Ipsos Mori interviewed roughly 1,000 people in each of nine countries (India, Great Britain, Thailand, China, Mexico, Poland, the Philippines, Brazil, and Germany) and found, in countries where PC ownership of survey respondents was high enough to be statistically signficant, consumers would pay from $58 to $226 extra for a more environmentally friendly PC. the survey also found that some 49 percent of respondents feel that manufacturers should bear responsibility for hazardous waste from discarded PC and electronics products.
One item I hear over and over again is that no one wants to pay for sustainability. This usually comes from the fact that people concentrate on the environmental aspect of sustainability, when in fact there are three facets to the term - environmental, economic, and social. When I hear this, I always ask the questions "Don't you invest in your company?" (yes) , "Don't you invest in your employees?" (yes), "Don't you want to invest in a system that makes the companies and employees possible?" Dull thuds in the room.

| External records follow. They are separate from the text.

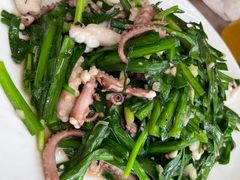 -小铜锣湾海鲜家常菜馆(河西店)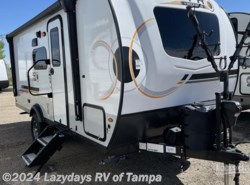 Used 2022 Forest River Rockwood Geo Pro 20BHS available in Seffner, Florida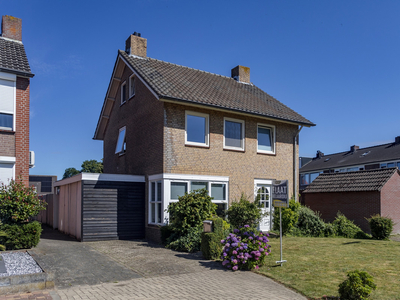 Kruysackerstraat 2a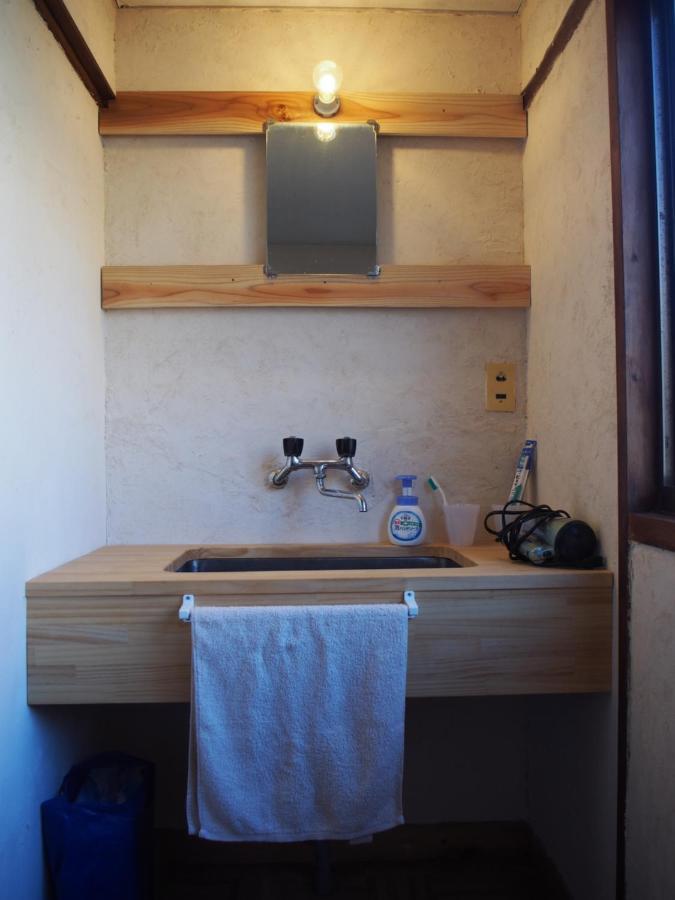Guest House Sekino نومازو المظهر الخارجي الصورة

Sustainability has always been viewed as an expense because it was an expense. Why pay for something when you can free ride on cheap electric, subsidized gasoline, free landfill space, etc., etc. This was our fathers' world, our grandfathers' world. But these things are things of the past, with energy prices soaring, $75 a barrel oil, and ever increasing disposal fees, no one wants to live in that reality anymore. Economically, few people can. Socially, they don't want to. Environmentally, it's the necessary thing to do.
Joe Bloggs chooses sustainability for three reasons, not just one.